-- WHAT TO PRODUCE --
Only the pictures are dropped. Restate each line below word for word.

-- SOURCE MATERIAL --
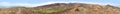 360 panoramic landscape view of Morro Jable Royalty Free Stock Photo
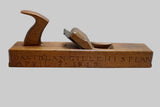 WOW! CARVED JACK PLANE - 1849 - NOVA SCOTIA
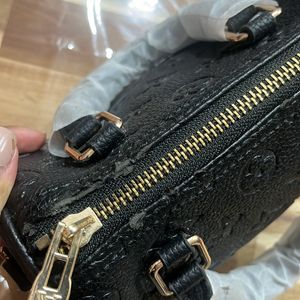 LV Black Sling Bag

-- ANSWER TO THE EXERCISE --
 360 panoramic landscape view of Morro Jable Royalty Free Stock Photo
 WOW! CARVED JACK PLANE - 1849 - NOVA SCOTIA
 LV Black Sling Bag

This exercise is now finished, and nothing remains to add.